Elon Musk plans his days in five-minute increments. Tim Cook gets up at 3:45 a.m. Tony Robbins plunges into ice water every morning. Read enough stories like these and you could be forgiven for concluding that extreme productivity demands extreme and unpleasant action. 

But, according to a thoughtful new post on blog Farnam Street, you'd be wrong. There's a paradox at the heart of productivity, the post contends, and it means you'll actually get more done if you skip the heroics and instead leave more slack in your schedule. 

To be more productive ... slack off more?

This might initially sound too good to be true. That's understandable. Who wouldn't be suspicious of experts telling you that the secret to superproductivity isn't waking up at the crack of dawn or 14-hour days but instead being more of a slacker? But this conclusion isn't just the pronouncement of some random blogger. It's the central takeaway of Slack, Tom DeMarco's classic on workplace efficiency. 

The book outlines the fundamental paradox at the heart of productivity: leaving white space in your calendar feels like an indulgence (or, in your manager's eyes, a problem to be eliminated), but constant busyness actually prevents us from working at maximum efficiency. 

That's because when every moment is filled, we're unable to absorb shocks or pivot quickly when the situation changes. We might be working all the time, but we end up either working on the wrong things or dealing with organizational bottlenecks. Leaving some time free in your calendar (or some dollars unallocated in your budget) is inefficient in a totally predictable world. But as the past year has spectacularly illustrated, we do not live in predictable times. 

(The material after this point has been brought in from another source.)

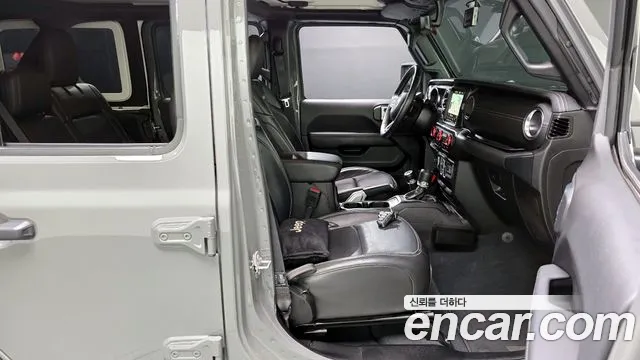 Jeep Wrangler Wrangler (JL) 2.0 Overland 4 двери — Фото автомобиля 24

Slack "allows us to handle the inevitable shocks and surprises of life. If every hour in our schedules is accounted for, we can't slow down to recover from a minor cold, shift a bit of focus to learning a new skill for a while, or absorb a couple of hours of technical difficulties," the post says summing up the book, adding, "in general, you need more slack than you expect."

Slacker pride 

DeMarco isn't the only expert making the point. Sociologist and author Christine Carter is not only a self-confessed slacker, but also evangelizes for more people to embrace their inner slackers

"I slack off not because I'm lazy or don't care about being productive. In fact, I've found that slacking off makes me more productive because I slack strategically--meaning that I take breaks at designated times, for regular intervals, in ways that sharpen my focus when I sit back down to work," she has written. "Strategic slacking has enabled me to dramatically increase both the quality of my work and the amount I get done in a given day."

The key word here is strategically. Constant busyness will make you exhausted, inflexible, and blinkered, but no one is saying you don't have to put in plenty of hard work to achieve big things. You just want to make sure you don't pack so much work into your days that you leave no room to look up, assess the situation, and adjust your plan of attack. 

The secret to maximum productivity, it turns out, isn't anything as unpleasant as ice baths or extreme scheduling (though power to you if you find those helpful). The secret is leaving yourself enough room to maneuver. That slack won't just help you stay sane. Counterintuitively, it will also help you get more done over the long haul.